In the United States, the charge has been led by Dershowitz and
Werner Cohn. In his version of the Faurisson affair, Dershowitz
describes Chomsky as an "anti-Zionist zealot" who "welcomed
the opportunity" to protest Faurisson's suspension "because
Faurisson's writings and speeches are stridently anti- Zionist
as well as anti-Semitic. Indeed, Professor Chomsky has himself
made statements about Zionist exploitation of the tragedy of World
War II that are not, in my view, so different from some of those
of Faurisson" (174). And Cohn's book, Partners in Hate:
Noam Chomsky and the Holocaust Deniers, was issued with the
following release, written by Nathan Glazer:
When Noam Chomsky came to the defense of the French Holocaust- denier Robert Faurisson, he astonished friends and enemies alike. Chomsky has vigorously defended his action as being nothing more than the protection of an individual's civil liberties, quite unconnected with that individual's views and writings. Werner Cohn, in this meticulously documented study, shows that Chomsky's defense of Faurisson is much more than that, and indeed that it is connected to some of Chomsky's deepest political orientations, in particular his unwavering animus toward the United States and Israel. In doing so, he sheds surprising light on Chomsky's politics.
[ 183]
I attended a lecture Cohn gave on this matter in which he was,
in my opinion, at best confused and at worst incoherent. His talk
was riddled with errors concerning Chomsky's work (for example,
he claimed that it had never been published by a major publishing
house), Avukah (that it was the same as Hashomer Hatzair), Thion
(that Chomsky and Thion had cowritten a book on Vietnam), and
linguistics (that Chomsky's work in the field was wholly unfounded).
Furthermore, during the question period he seemed unable to recall
many details of his own "meticulously documented study,"
which suggested to me that perhaps somebody else had written the
book.
Cohn has claimed elsewhere, specifically in The
Hidden Alliances of Noam Chomsky (1988),
that Chomsky's affiliation with Faurisson is rooted in Chomsky's
own sympathy for anti- Semitism and anti-Zionism. Attempting to
demonstrate this, Cohn sketches a series of tenuous connections
between Chomsky and Faurisson, placing special emphasis on a number
of comments that the former has made in defense of the latter's
actions.
When all the facts are set forth, the Faurisson affair does tend
to throw some of Chomsky's character flaws into relief, most clearly
his unwillingness to practice simple appeasement when it comes
to resolving his differences with those who attack him. Another
remarkable aspect of the affair is the fact that it is used by
Chomsky's detractors to divert attention away from his actual
statements. Much energy has been expended quibbling over his use
of certain words or particular argumentative strategies. Some
of Chomsky's critics are more balanced and restrained: Vidal-Naquet,
while he claims that "Chomsky is scarcely sensitive to the
wounds he inflicts, but extremely attentive to whatever scratches
he is forced to put up with" (68), is honest enough to recognize
the obvious: "To be sure, it is not the case that Chomsky's
thesis in any way approximates those of the neo-Nazis" (73).

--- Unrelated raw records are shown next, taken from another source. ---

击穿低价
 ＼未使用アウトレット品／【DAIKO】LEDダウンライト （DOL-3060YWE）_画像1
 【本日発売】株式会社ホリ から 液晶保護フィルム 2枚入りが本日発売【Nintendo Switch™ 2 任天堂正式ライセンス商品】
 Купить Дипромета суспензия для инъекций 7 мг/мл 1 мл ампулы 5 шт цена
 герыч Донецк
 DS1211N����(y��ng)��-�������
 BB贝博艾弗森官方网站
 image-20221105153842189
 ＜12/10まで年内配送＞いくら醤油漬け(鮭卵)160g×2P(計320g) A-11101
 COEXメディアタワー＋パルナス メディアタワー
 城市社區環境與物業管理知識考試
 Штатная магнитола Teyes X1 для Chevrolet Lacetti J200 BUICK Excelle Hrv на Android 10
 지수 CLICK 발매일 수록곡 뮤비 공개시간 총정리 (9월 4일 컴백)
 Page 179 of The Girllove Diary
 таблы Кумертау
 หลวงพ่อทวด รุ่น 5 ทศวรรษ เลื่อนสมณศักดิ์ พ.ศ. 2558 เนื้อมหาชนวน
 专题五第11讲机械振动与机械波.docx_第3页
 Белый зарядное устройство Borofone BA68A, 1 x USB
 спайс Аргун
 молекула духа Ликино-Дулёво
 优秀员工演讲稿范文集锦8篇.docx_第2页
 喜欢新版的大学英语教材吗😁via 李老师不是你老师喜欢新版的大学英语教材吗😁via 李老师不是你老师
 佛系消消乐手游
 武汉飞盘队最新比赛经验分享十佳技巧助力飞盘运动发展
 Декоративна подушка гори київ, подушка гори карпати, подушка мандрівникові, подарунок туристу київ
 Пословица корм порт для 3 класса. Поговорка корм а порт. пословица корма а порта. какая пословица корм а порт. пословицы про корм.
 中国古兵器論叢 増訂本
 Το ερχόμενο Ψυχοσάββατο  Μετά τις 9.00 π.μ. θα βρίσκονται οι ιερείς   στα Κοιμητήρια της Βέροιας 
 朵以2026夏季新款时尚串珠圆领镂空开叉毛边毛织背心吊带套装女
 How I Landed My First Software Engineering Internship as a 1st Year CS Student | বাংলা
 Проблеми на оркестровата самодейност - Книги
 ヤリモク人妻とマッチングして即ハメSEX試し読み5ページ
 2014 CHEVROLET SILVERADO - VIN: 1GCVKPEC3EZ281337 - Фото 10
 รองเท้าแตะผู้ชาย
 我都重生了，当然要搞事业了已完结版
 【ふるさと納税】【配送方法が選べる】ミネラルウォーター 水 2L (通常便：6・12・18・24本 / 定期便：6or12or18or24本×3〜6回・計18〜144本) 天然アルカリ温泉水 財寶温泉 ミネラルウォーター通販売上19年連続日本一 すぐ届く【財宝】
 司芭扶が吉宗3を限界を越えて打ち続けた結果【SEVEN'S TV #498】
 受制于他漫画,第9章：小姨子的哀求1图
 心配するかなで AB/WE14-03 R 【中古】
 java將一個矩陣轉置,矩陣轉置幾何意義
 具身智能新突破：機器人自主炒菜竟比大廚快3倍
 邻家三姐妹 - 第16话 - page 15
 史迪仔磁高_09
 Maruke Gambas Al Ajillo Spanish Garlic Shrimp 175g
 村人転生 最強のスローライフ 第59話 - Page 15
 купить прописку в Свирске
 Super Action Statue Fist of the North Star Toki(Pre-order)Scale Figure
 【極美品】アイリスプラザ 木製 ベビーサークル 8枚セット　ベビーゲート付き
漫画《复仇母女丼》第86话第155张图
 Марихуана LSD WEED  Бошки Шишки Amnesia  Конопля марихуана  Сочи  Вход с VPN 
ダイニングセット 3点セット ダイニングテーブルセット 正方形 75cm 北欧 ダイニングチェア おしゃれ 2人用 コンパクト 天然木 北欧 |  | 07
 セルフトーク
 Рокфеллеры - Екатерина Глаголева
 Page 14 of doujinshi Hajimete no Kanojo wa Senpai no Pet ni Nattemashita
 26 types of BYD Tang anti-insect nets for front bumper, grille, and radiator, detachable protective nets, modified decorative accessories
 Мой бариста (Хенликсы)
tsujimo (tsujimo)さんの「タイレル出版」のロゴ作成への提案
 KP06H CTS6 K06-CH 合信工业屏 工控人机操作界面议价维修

But others are somehow able to overlook the dozens of books and
hundreds of articles Chomsky has written-as well as countless
discussions and letters-which always take the side of the oppressed
and the downtrodden. Such critics accuse him of alliances with
neo-Nazis or with the German National Socialist Party, the very
mandate of which was totalitarian oppression and genocide. Chomsky's
tactics may not always be the most appropriate in [184] light
of the causes that he supports, but the values transmitted by
his work are, according to virtually any reasonable measure, consistent
with those of the libertarians.
The French reaction to Chomsky's participation in the Faurisson
affair was equally forceful, and, particularly in the case of
the media, propagandistic. In 1981, an interviewer for Nouvel
Observateur modified the replies to questions he had sent
Chomsky in order, as Chomsky himself put it, "to accord with
[the newspaper's] ideological needs" (31 Mar. 1995). Attempts to publish the questions with Chomsky's
original replies failed; Chomsky's responses
to articles implicating him in the affair that appeared in Matin
de Paris (1979), Le Monde (1981), and Nouvelles
litteraires (1982) were not published; and Liberation,
according to Chomsky, "demanded that I cut out criticisms
of France and Marxism, and when I refused, they wouldn't print"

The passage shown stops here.